Şehit Nejdet KOÇAK: Türk-İslâm Ülkücülerinin Gönül Gönderinde Dalgalanan Ay Yıldızlı Bir Bayrak  

kirmizilar.com

 

 

 

 

 

 

Mehmet GÜNEŞ

1980 yılında Saddam cânisi tarafından şehit edilen Kerkük Türklerinin liderlerinden cennetmekân Nejdet KOÇAK büyüğümüzün aziz hatırasına hürmetlerle…

“Vatan aşkı silmiş gönül pasını

Er kişiler bilir erin hasını

Ana, bacı, gelin tutsun yasını

Kerkük için bayrak gibi sallandı

Beyaz rengi biraz daha allandı.

“Başı dikti, korkusuzdu, yiğitti

Bu yiğitlik atalardan öğüttü

Cümle âlem o’nun şânın işitti

Koçak’tır bu, ser verir de sır vermez

Bu işe pek akıl ermez, sır ermez.

Koçak der ki adım kalsın yâdigâr

Üzülmeyin bana yoksa bir mezar

Bize destan yazılamasa ne çıkar

Kerkük üste gezinen bir bayrağim

Elbet bir gün âzâd olur toprağım.” 

Suphi SAATÇİ

“Nejdet Koçak denildiğinde, Irak Türklerinin acısı, çilesi ve unutulmuşluğu akla gelir.”

Habib HÜRMÜZLÜ

“Perdeleri örtük

Lambaları sönük

Sırtında yıllar yük

Hâtırâları kırık dökük

Bir yer olacak orada 

Adı Kerkük…”

Ârif Nıhat ASYA

16 Ocak 1980 günü Kerkük’te îdâm edilen ve 41 yaşında şehâdet şerbetini içen NEJDET KOÇAK; “Bütün bir ömrü bir cephedeymiş gibi yaşayan”; Allah, vatan, bayrak ve millet sevdâsını her dem yüreğinde taşıyan, Türk-İslâm mefkûresini ve mücâdelesini bayraklaştıran, tanıyan  herkesin ittifak ettiği üzere ve kelimenin kâmil mânâsıyla; zarif bir gönül adamı, gerçek bir cesâret âbidesi, yüksek îman, irfan, cesâret, ferâset, ferâgat ve fedâkârlık şahikası” diye tesmiye olunan ve “her hücresi Kâlu Belâ’dan beri Türk oğlu Türk olan”  gerçek bir ülkü deviydi…

Ahlâk, karakter ve fazîlet timsâli, Irak Türkmenlerinin sembol ismi ve bir liderde bulunması gereken bütün vasıflara sâhip bir alperen olan Doç.

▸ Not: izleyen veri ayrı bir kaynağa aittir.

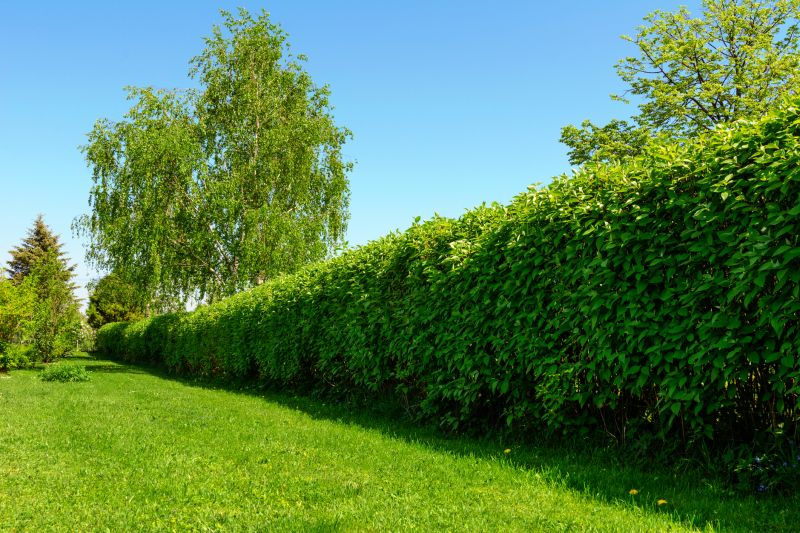 Density and Length of Hedge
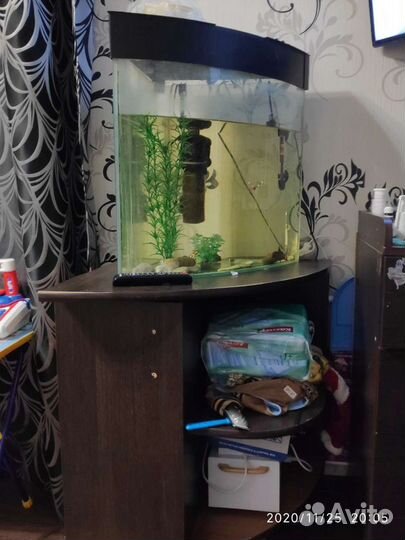 Аквариум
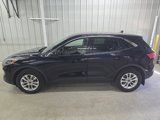 Certified 2021 Ford Escape SE image 4
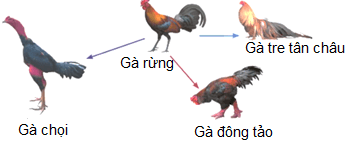 Trắc nghiệm Sinh học 12 Kết nối tri thức Bài 20 (có đáp án): Quan niệm của Darwin về chọn lọc tự nhiên và hình thành loài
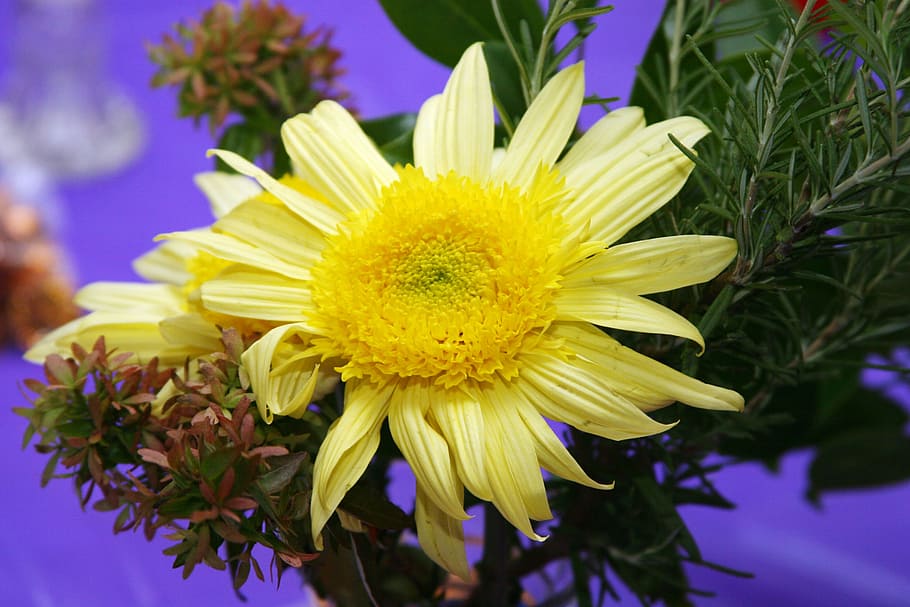 flower, mum, yellow, fall, autumn, colorful, season, floral HD wallpaper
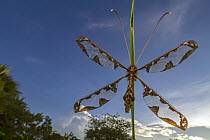 Owlfly (Tmesibasis scopsi), Gorongosa National Park, Mozambique
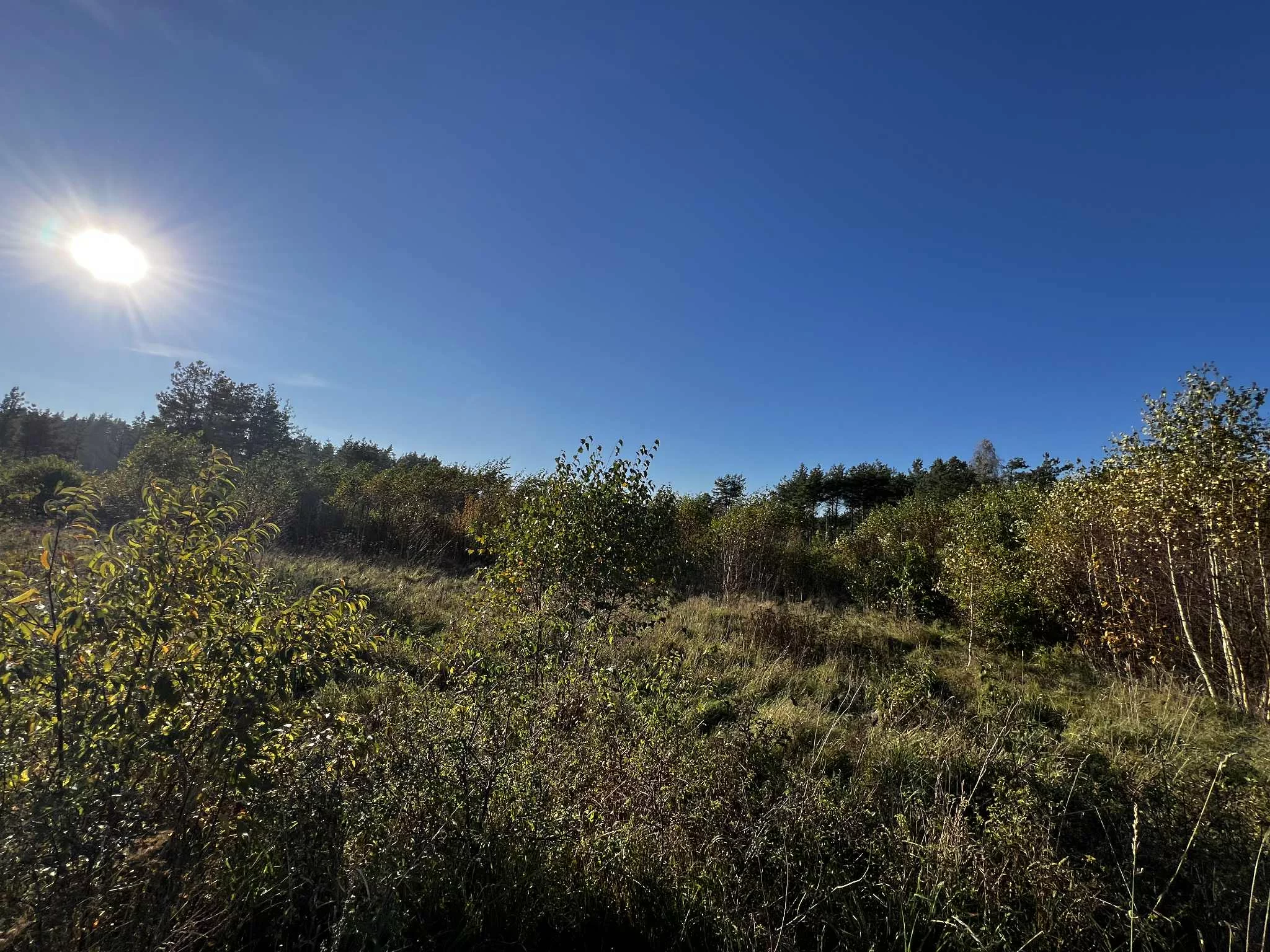 Działka 16 696,00 m², oferta nr , 2564, Dąbrówka, Leśna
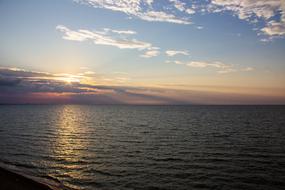 Sea Summer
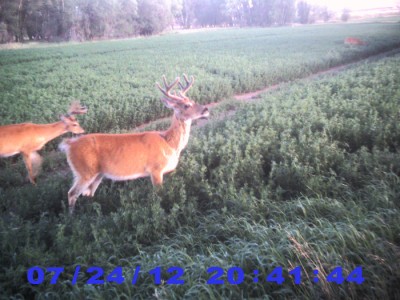 2012 Pre Season Trail Camera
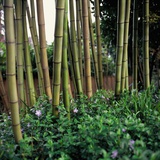 Bamboo Garden with Purple Flowers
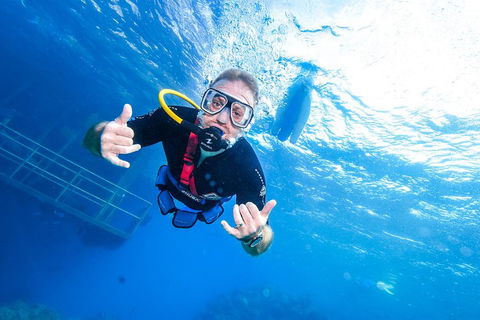 Great Barrier Reef Day Cruise From Cairns Including Snorkeling And Marine Biologist Presentation - Holiday Jervis Bay 3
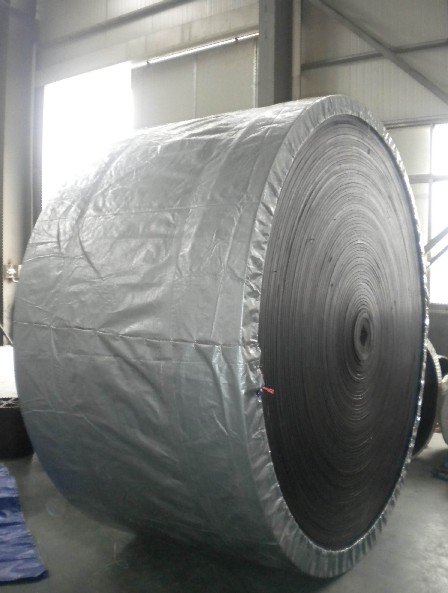 供应莱曼牌聚酯输送带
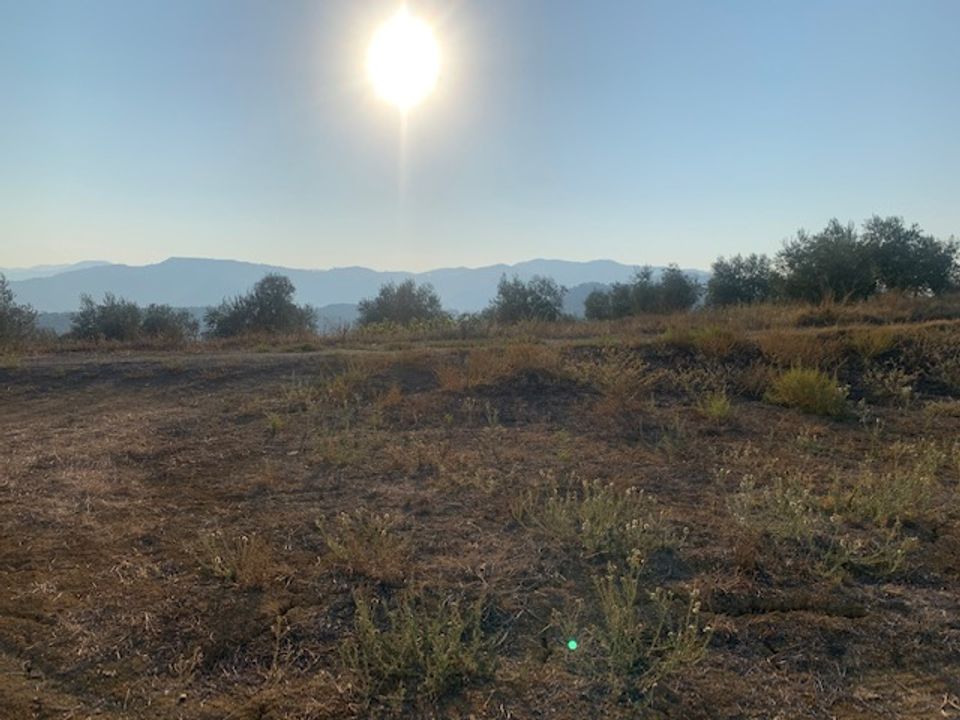 Helårsgrund i Vinuela, Malaga - foto 4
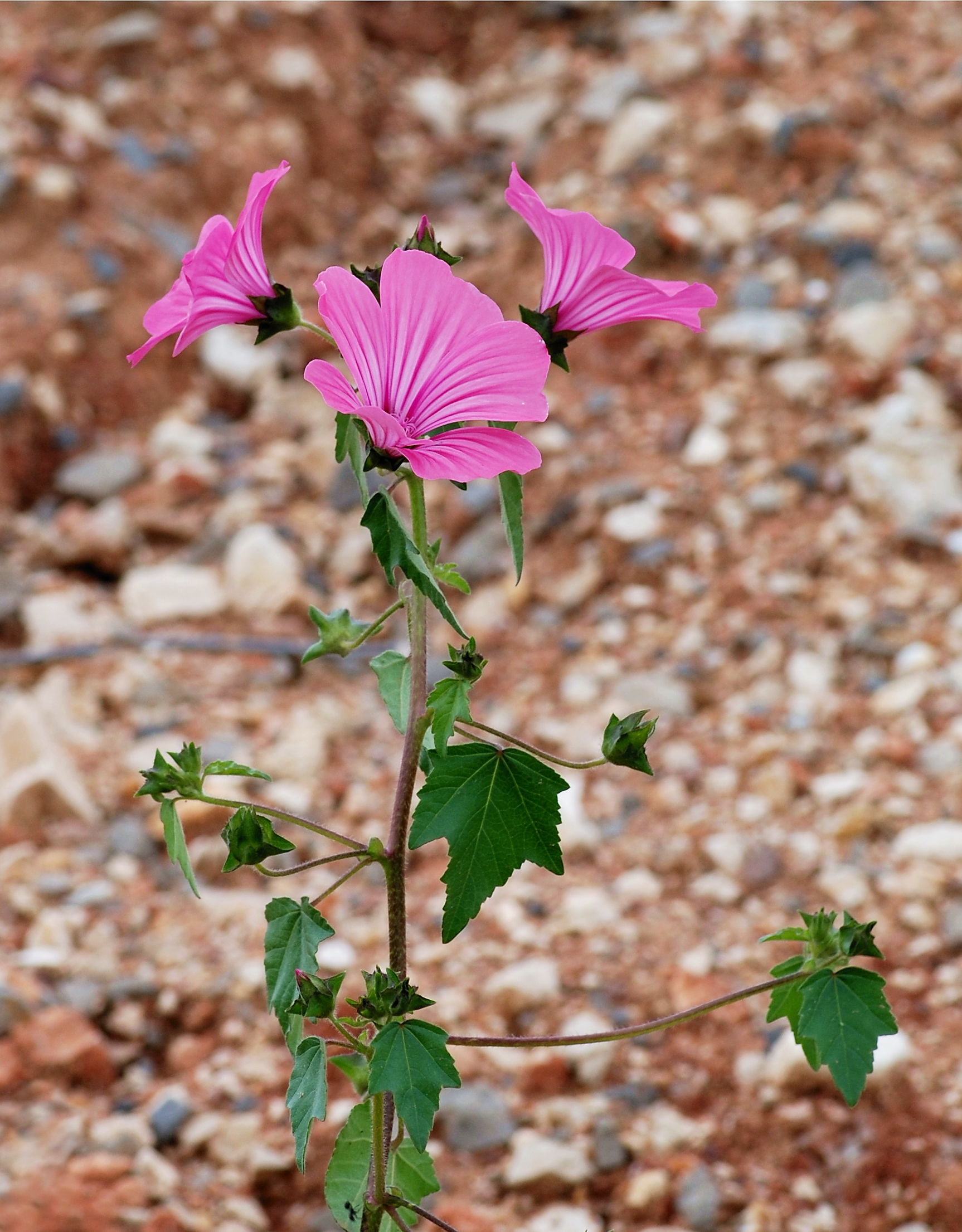 Lavatera April 2010-4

Dr. NEJDET KOÇAK; “İnanmış bir kişinin aşamayacağı engel, ulaşamayacağı hedef yoktur” diyen ve söylediği bu sözü diline tespih etmeyip, hayâtıyla çeken tâvizsiz bir ideâlist, “Allah rızâsı için yapılmayan milliyetçilikte samîmiyet aramayın.” diyen; fikriyâtını, inandıklarını ve mukaddeslerini sâdece sözleriyle değil; kâliyle hâli bir olan yaşantısıyla, Kürşadvâri duruşuyla, çizgisinde kırıklık olmayan serdengeçti ideâlizmiyle ve kâmil şahsiyetiyle temâyüz eden; muttakî bir Müslüman, kâmil bir Türk milliyetçisi ve örnek bir ülkücüydü…

Bundan 42 yıl önce, -Enver  Paşa gibi- 41 yaşında Kerkük’te “Türk olduğunu her zeminde beyân ettiği, Türkçe konuştuğu ve Türkmenleri bir araya getirerek Türklük şuçu işlediği için” (?) îdam cezâsına çarptırılan ve kadim ülkücülerin  yüreğine tarifsiz bir acı, firkat ve çaresizlik âteşi düşüren Şehit NEJDET KOÇAK; 7 Nisan 1939’da Kerkük’te doğmuştur. 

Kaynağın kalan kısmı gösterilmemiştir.